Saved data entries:
========================================

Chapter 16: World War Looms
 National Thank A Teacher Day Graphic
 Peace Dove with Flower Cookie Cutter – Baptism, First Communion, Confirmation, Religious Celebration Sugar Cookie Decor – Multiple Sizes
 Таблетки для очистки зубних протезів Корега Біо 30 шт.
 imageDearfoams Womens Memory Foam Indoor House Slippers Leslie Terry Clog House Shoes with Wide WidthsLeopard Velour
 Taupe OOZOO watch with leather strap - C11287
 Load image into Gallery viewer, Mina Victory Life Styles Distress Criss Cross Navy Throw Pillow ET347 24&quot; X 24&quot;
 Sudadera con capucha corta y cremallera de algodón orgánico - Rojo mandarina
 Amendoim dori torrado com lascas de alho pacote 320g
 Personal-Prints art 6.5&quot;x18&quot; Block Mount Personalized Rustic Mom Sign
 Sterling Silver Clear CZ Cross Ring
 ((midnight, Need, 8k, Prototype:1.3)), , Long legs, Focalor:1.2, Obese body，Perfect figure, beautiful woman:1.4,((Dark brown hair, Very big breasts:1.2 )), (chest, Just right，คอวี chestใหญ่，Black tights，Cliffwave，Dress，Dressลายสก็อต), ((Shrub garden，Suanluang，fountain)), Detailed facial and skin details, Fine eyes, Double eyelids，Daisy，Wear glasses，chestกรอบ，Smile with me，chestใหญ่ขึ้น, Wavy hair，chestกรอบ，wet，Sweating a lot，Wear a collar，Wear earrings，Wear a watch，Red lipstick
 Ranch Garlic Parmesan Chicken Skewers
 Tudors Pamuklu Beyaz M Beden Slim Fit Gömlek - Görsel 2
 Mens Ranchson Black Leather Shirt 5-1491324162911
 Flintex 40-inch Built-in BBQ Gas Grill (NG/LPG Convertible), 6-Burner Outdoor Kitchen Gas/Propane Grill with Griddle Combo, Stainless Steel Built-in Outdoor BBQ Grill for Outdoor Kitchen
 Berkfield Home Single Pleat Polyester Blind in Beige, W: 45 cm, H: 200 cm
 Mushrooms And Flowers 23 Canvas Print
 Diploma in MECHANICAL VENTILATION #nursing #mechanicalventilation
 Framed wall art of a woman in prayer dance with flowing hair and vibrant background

========================================

All of the data should be retyped exactly.

Chapter 16: World War Looms
 National Thank A Teacher Day Graphic
 Peace Dove with Flower Cookie Cutter – Baptism, First Communion, Confirmation, Religious Celebration Sugar Cookie Decor – Multiple Sizes
 Таблетки для очистки зубних протезів Корега Біо 30 шт.
 imageDearfoams Womens Memory Foam Indoor House Slippers Leslie Terry Clog House Shoes with Wide WidthsLeopard Velour
 Taupe OOZOO watch with leather strap - C11287
 Load image into Gallery viewer, Mina Victory Life Styles Distress Criss Cross Navy Throw Pillow ET347 24&quot; X 24&quot;
 Sudadera con capucha corta y cremallera de algodón orgánico - Rojo mandarina
 Amendoim dori torrado com lascas de alho pacote 320g
 Personal-Prints art 6.5&quot;x18&quot; Block Mount Personalized Rustic Mom Sign
 Sterling Silver Clear CZ Cross Ring
 ((midnight, Need, 8k, Prototype:1.3)), , Long legs, Focalor:1.2, Obese body，Perfect figure, beautiful woman:1.4,((Dark brown hair, Very big breasts:1.2 )), (chest, Just right，คอวี chestใหญ่，Black tights，Cliffwave，Dress，Dressลายสก็อต), ((Shrub garden，Suanluang，fountain)), Detailed facial and skin details, Fine eyes, Double eyelids，Daisy，Wear glasses，chestกรอบ，Smile with me，chestใหญ่ขึ้น, Wavy hair，chestกรอบ，wet，Sweating a lot，Wear a collar，Wear earrings，Wear a watch，Red lipstick
 Ranch Garlic Parmesan Chicken Skewers
 Tudors Pamuklu Beyaz M Beden Slim Fit Gömlek - Görsel 2
 Mens Ranchson Black Leather Shirt 5-1491324162911
 Flintex 40-inch Built-in BBQ Gas Grill (NG/LPG Convertible), 6-Burner Outdoor Kitchen Gas/Propane Grill with Griddle Combo, Stainless Steel Built-in Outdoor BBQ Grill for Outdoor Kitchen
 Berkfield Home Single Pleat Polyester Blind in Beige, W: 45 cm, H: 200 cm
 Mushrooms And Flowers 23 Canvas Print
 Diploma in MECHANICAL VENTILATION #nursing #mechanicalventilation
 Framed wall art of a woman in prayer dance with flowing hair and vibrant background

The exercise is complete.